Он закрыл и запер за ней дверь и пригласил Изабеллу пройти вслед за ним по восстановленному, но искусно состаренному древнему полу. От старости он был темным, как и остальной интерьер старого склада, в котором находилась длинная и сучковатая стойка бара и столы со стульями различных стилей и эпох. По контрасту со всем этим за прозрачными стеклами позади барной стойки находились сверкающие резервуары из нержавеющей стали. От них шли трубы и трубки к насосам, а запахи хмеля, дрожжей и поджаренного зерна служили отличной рекламой приготовляемого продукта.

Дрюитт провел ее к одному из столов, длинному, в стиле монастырской трапезной. Вместо стульев он был окружен лавками, а на столешнице стояли ряды картонных коробок, некоторые из которых были открыты, а некоторые – запечатаны.

– Мой мальчик не мог убить себя, – сказал мужчина.

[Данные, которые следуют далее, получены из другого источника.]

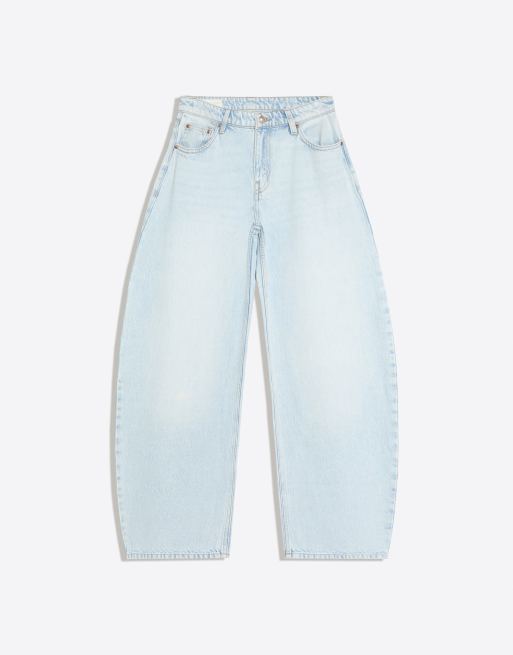 Bershka jeans barrel a vita alta in blu chiaro, 5 di 5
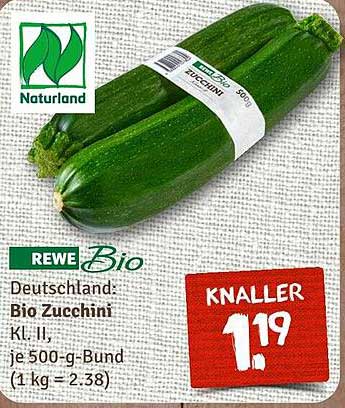 Bio Zucchini KL II - je 500-g-Bund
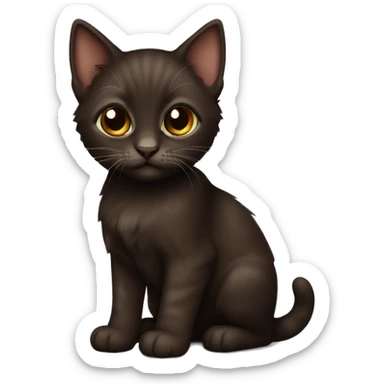 dark brown kitten small sticker
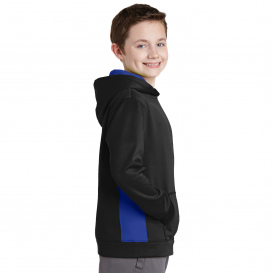 Sport-Tek YST235 Youth Sport-Wick Fleece Colorblock Hooded Pullover - Black/True Royal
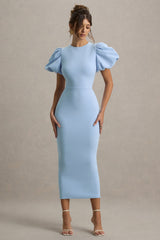Dakota | Powder Blue Puff-Sleeve Midi Dress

Как будто это было подтверждением его слов, он достал из одной из коробок семейную фотографию в рамке и протянул ее Изабелле. На ней было изображено, как поняла суперинтендант, все семейство Дрюиттов: мама, папа, взрослые дети, их мужья и жены, множество внуков и идеально ухоженный спрингер-спаниель. Все они были артистично расставлены профессиональным фотографом, который мудро посоветовал всем им одеться одинаково.

Они выбрали голубые джинсы и белые рубашки, хотя двое мужчин и одна из женщин – надо признаться – выглядели бы лучше, если б выбрали что-то, в достаточной степени скрывающее то, что лишь с натяжкой можно было назвать мускулами и изгибами тела.

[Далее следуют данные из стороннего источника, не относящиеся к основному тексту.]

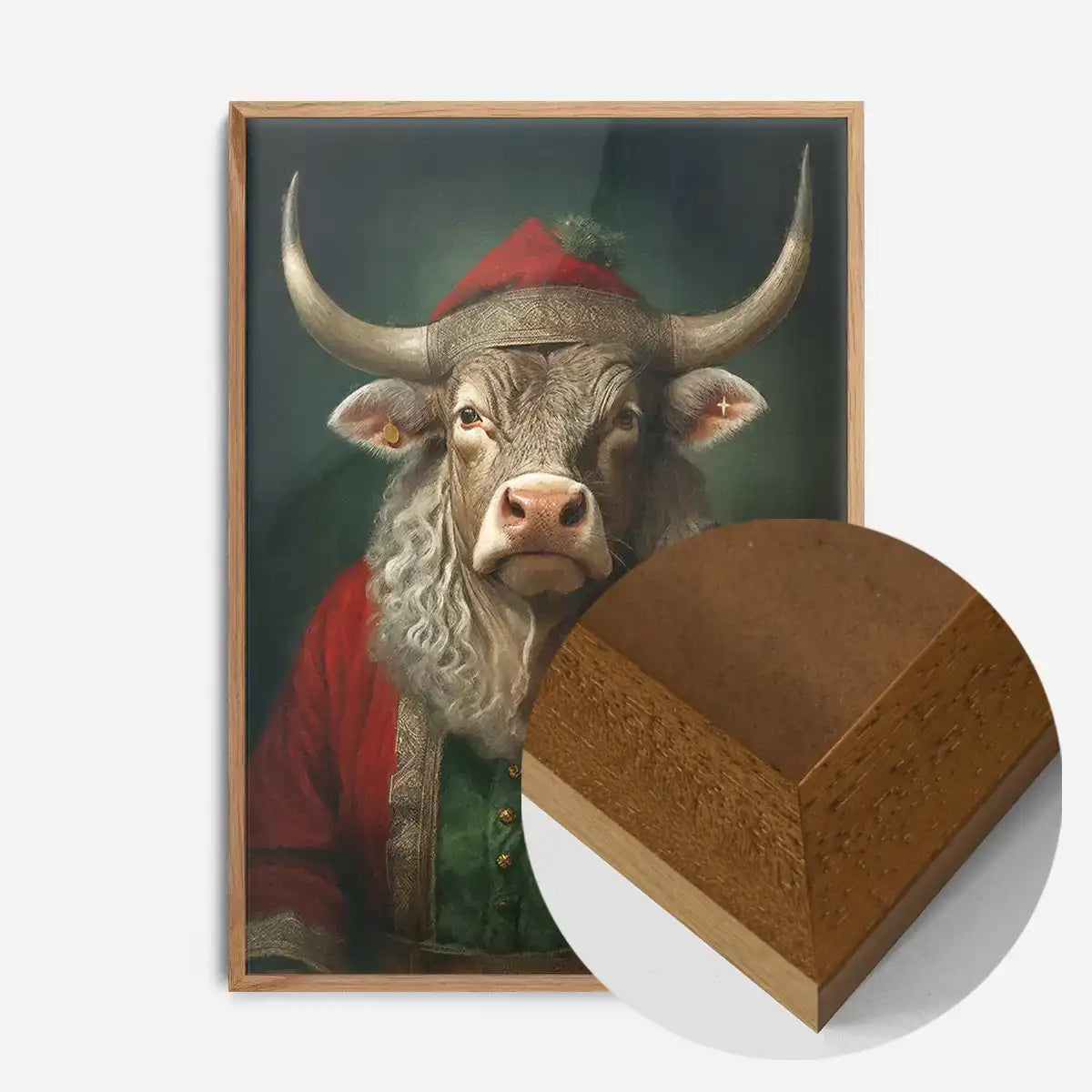 Christmas Bull Animal Portrait Print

Ардери легко смогла определить Йена Дрюитта. Он стоял в середине группы взрослых детей, и он был единственным из всех, кто не стал надевать джинсы и рубашку. Вместо этого на нем была одежда священнослужителя. Изабелла решила, что фото было сделано в день его ординации, или как там еще называется официальное рукоположение в чин диакона.

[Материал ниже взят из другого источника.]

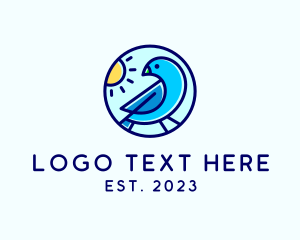 Round - Morning Bird Animal logo design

Это было первое фото Йена Дрюитта, которое увидела суперинтендант, если не считать фотографий мертвого тела из файлов детектива Пажье. Как и все его братья и сестры, отец, мать и несколько внуков, Йен был рыжеволосым. Кроме того, он носил очки и был пухлым, с сутулыми плечами, говорившими о желании или спрятать свой рос, или, что было более вероятно, сделаться незаметнее. Потому что эти три отличительные черты – очки, рыжие волосы и лишний вес – всегда вызывали повышенное внимание хулиганов. «Интересно, – подумала Изабелла, – сильно ли он страдал в детстве от более агрессивных сверстников?» А еще ей было интересно, как это могло на него повлиять.